# Spring Time Trexlertown Bicycle Swap Meet May 1 to May 3, 2015



## sm2501 (Mar 31, 2015)

Spring Time Trexlertown Bicycle Swap Meet 

We have teamed up with the Velo Drome to make the weekend better than ever..

Event:  3 Day Bicycle Swap Meet, Trexlertown Fire Department Fairgrounds located behind the Fire station.  
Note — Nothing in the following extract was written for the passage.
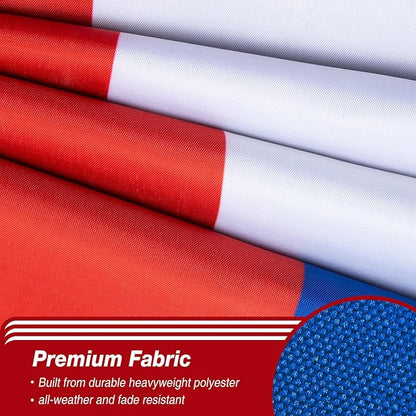 Chile Chilean Flag 3x5 ft Outdoor, Double Sided 3 Ply Heavy Duty Chile National Country Flag, 100% Quality Polyester Chilean Banner with Brass Grommets 4 Rows Stitches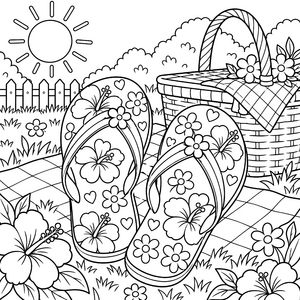 Sommerliche Flip-Flops mit Picknickkorb Ausmalbild für Sonnenanbeter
Location: 7723 Hamilton Blvd, Trexlertown, PA 18031

Date:   Friday May 1, 2 and  3rd, 2015.

1. Free Spectator and general admission

2. Friday May 1, 2015, Gates open at 4:00 PM.   Please do not show up at the Trexlertown Fire Department Fairgrounds prior to 4:00 PM. 

3. Vendor spaces are 65.00 for 3 days.  which includes 2 nights of camping.

4. Vendor spaces 50.00 for 2 days. 1 night of camping included.

5. Vendor space 25.00 for day.  If you camping that is considered 2 days. 

Vendor Setup is Friday at 4:00 PM open to public at 4:00 PM

Saturday May 2, swap starts at daybreak free admission to spectators

Sunday May 3, swap starts at daybreak free admission to spectators


----------